TF-IDF stands for Term Frequency-Inverse Document Frequency, a statistical measure used to evaluate the importance of a word in a document relative to a collection of documents.

In [None]:
tfidf_vectorizer = TfidfVectorizer()
X_train_tfidf = tfidf_vectorizer.fit_transform(X_train)
X_test_tfidf = tfidf_vectorizer.transform(X_test)
print('TF-IDF Feature Names:', tfidf_vectorizer.get_feature_names_out())

# Naive Bayes

Naive Bayes is a probabilistic classifier based on Bayes' theorem.

See separate notebook

## Naive Bayes for Sentiment Analysis in NLP

Naive Bayes is a classification algorithm based on Bayes' Theorem. It’s called "naive" because it assumes that all features (e.g., words in text) are independent of each other, which is often not true but simplifies the calculations.

## Objectives
1. Understand Naive Bayes and how it works.
2. Perform text preprocessing.
3. Train a Naive Bayes classifier on a dataset of reviews.
4. Predict sentiment for new reviews.
    

## The Formula
The formula for Bayes' Theorem is:

$$
P(A|B) = \frac{P(B|A) \cdot P(A)}{P(B)}
$$

### Explanation:
- **\(P(A|B)\):** Probability of \(A\) (class, e.g., "Spam") given \(B\) (evidence, e.g., a specific word in an email).
- **\(P(B|A)\):** Probability of observing \(B\) (e.g., word) given \(A\) (e.g., class "Spam").
- **\(P(A)\):** Prior probability of \(A\) (how common is "Spam" in the dataset?).
- **\(P(B)\):** Probability of \(B\) (how common is that word in all emails?).

## Dataset

In [2]:
reviews = [
    "I love this movie",
    "I hate this movie",
    "This movie is great",
    "This movie is bad"
]
labels = ["Positive", "Negative", "Positive", "Negative"]

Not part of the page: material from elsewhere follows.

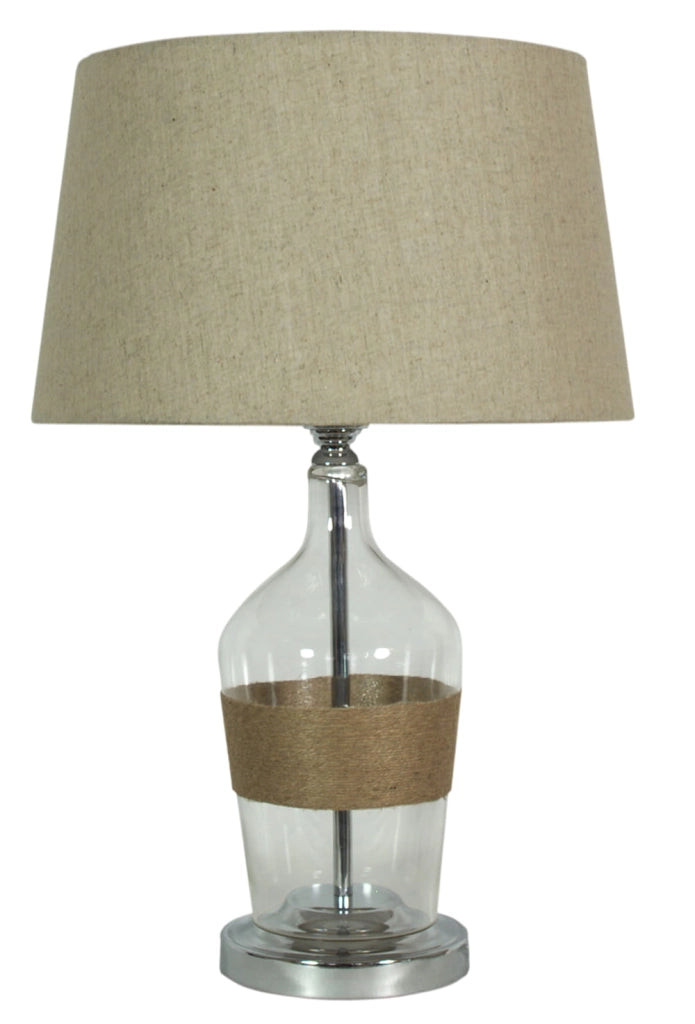 Lampada da tavolo Candellux ECO 41-21519 cromo/grigio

df = pd.DataFrame({"Review": reviews, "Sentiment": labels})
df    

Unnamed: 0,Review,Sentiment
0,I love this movie,Positive
1,I hate this movie,Negative
2,This movie is great,Positive
3,This movie is bad,Negative



## Preprocessing Text

Naive Bayes requires numeric input. We will use **CountVectorizer** to convert text into a Bag of Words representation.

### What is Bag of Words (BoW)?
BoW represents text by counting word occurrences.

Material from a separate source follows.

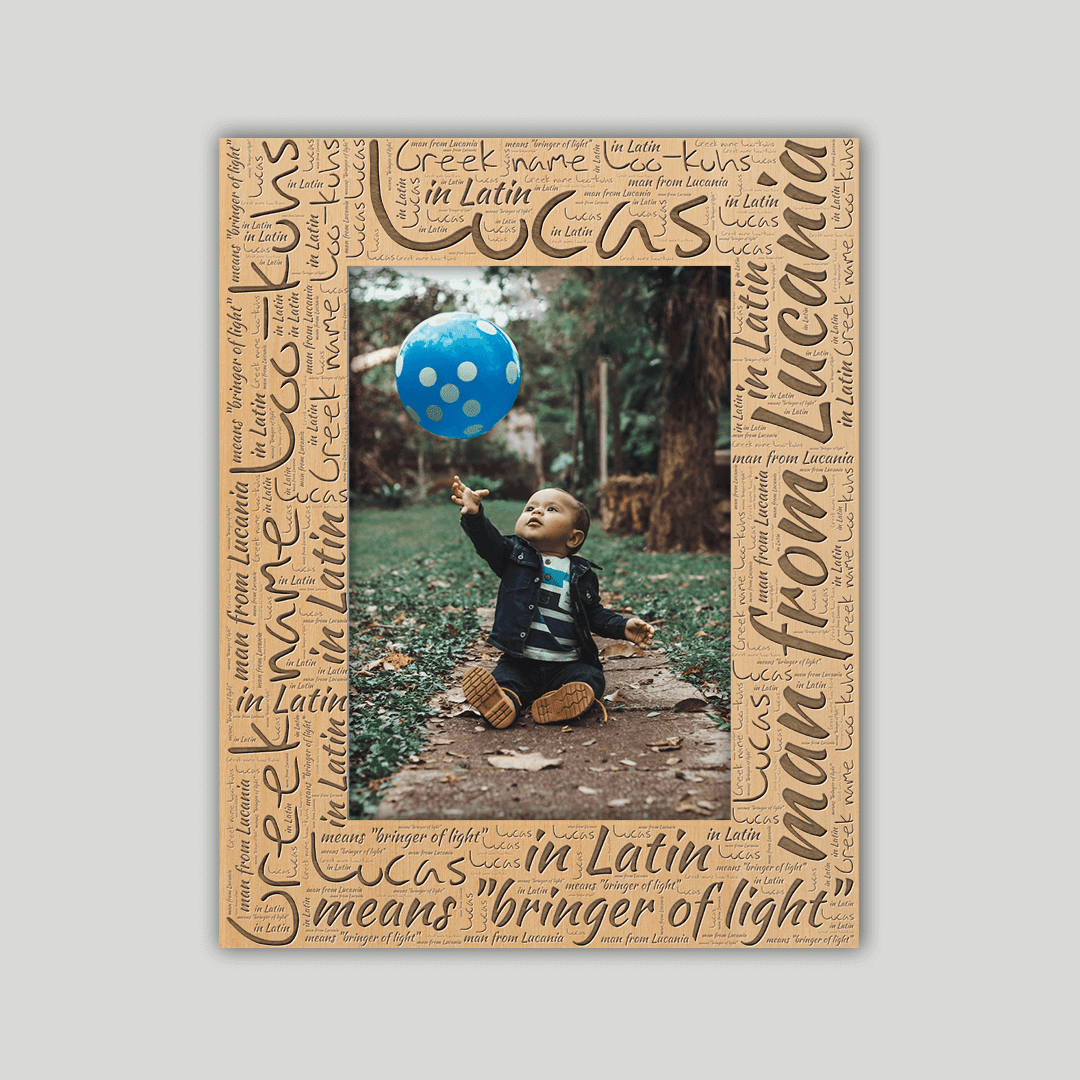 Lucas Origins Name Frame - Journey Frames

## Training a Naive Bayes Classifier

In [3]:
model = Pipeline([
    ('vectorizer', CountVectorizer()),  # Convert text to Bag of Words
    ('classifier', MultinomialNB())    # Train Naive Bayes classifier
])
model.fit(reviews, labels)  

## Making Predictions

In [4]:
new_review = ["I love this movie"]
prediction = model.predict(new_review)

print(f"Review: {new_review[0]}")
print(f"Predicted Sentiment: {prediction[0]}")    

Review: I love this movie
Predicted Sentiment: Positive


## Evaluate the Model

In [5]:
train_predictions = model.predict(reviews)

df['Predicted Sentiment'] = train_predictions
df    

Unnamed: 0,Review,Sentiment,Predicted Sentiment
0,I love this movie,Positive,Positive
1,I hate this movie,Negative,Negative
2,This movie is great,Positive,Positive
3,This movie is bad,Negative,Negative



## Key Takeaways

1. Naive Bayes is a simple but effective algorithm for text classification.
2. It assumes independence between features, which is rarely true but works well in practice.
3. Preprocessing text data (like tokenization and Bag of Words) is essential for working with text.